Haiti’s top prosecutor said Tuesday he was seeking charges against Prime Minister Ariel Henry over the assassination in July of President Jovenel Moise.
The Port-au-Prince government commissioner, the equivalent of a federal prosecutor, asked the judge investigating the killing to charge Henry with involvement in the case due to alleged phone calls Henry made with one of the main suspects.
“There are sufficient compromising elements that form (my) conviction on the appropriateness of prosecuting Mr. Henry and requesting his outright indictment,” wrote Bed-Fort Claude, the commissioner, in an official letter addressed to a Port-au-Prince court.
In a second letter, sent to the director of migration administration, Claude requested Henry be banned from leaving the island nation “for serious presumptions of assassination of the President of the Republic.”
Moise, a politically and publicly controversial figure, was killed overnight from July 6 to 7 when an armed group burst into his private residence in the Haitian capital.
Henry had already been asked to appear for questioning in the case, about alleged conversations he had just a few hours after Moise’s murder with a former government official wanted in connection with the killing.
Claude on Friday had asked Henry to appear on Tuesday to answer questions about the calls.
Police are still actively searching for the former official, Joseph Felix Badio, who worked in the justice ministry’s anti-corruption unit.
Badio’s phone was allegedly tracked to the area near Moise’s residence when Badio called Henry twice in the early hours of July 7, after the president was assassinated.

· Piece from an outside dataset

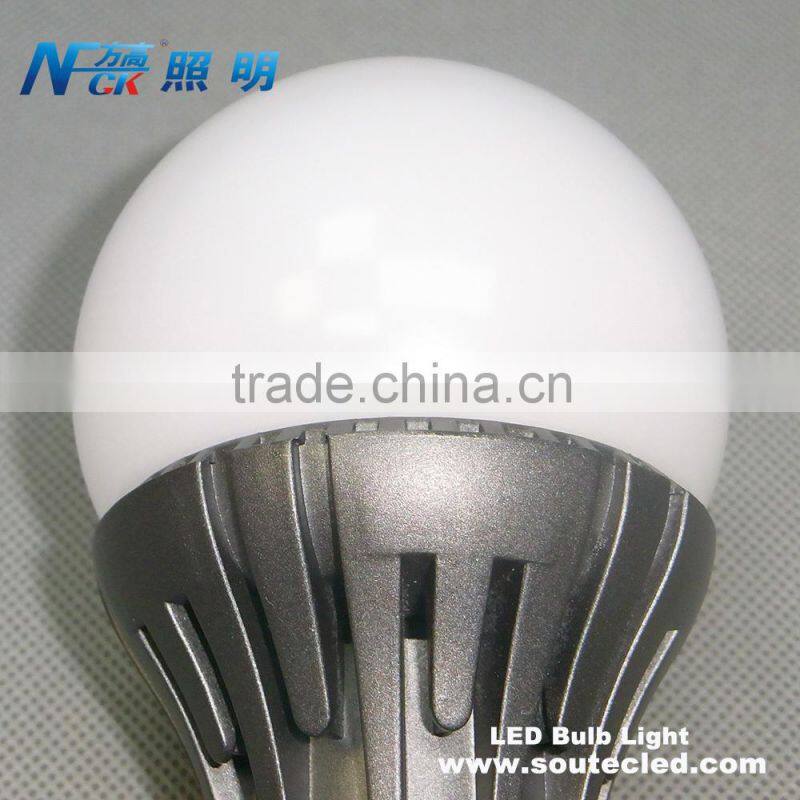 110V 220V 230V AC input E27 B22 light base 5w big bean angle high brightness energy saving light led bulbs factory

In his letter to the judge, Claude said the calls lasted a total of seven minutes. He also noted a government official tweeted last month Henry claimed he never spoke with Badio.
Henry on Saturday slammed the earlier request, saying: “These diversionary tactics, designed to create confusion and prevent justice from calmly running its course, will not stand.”
“Those who are truly guilty, the masterminds of the odious assassination of president Jovenel Moise and those who ordered it, will be found, brought to justice and punished for their actions.”
A prime minister legally cannot be questioned unless the president authorizes it, but in the wake of Moise’s slaying, Haiti does not have a president.
So far, 44 people — including 18 Colombians and two American of Haitian descent — have been arrested in connection with the inquiry into the assassination of Moise. None of the president’s security guards were injured in the attack.
Henry was named by Moise as prime minister days before the president’s death and was sworn in on July 20, pledging to improve the country’s dire security and to organize long-delayed elections.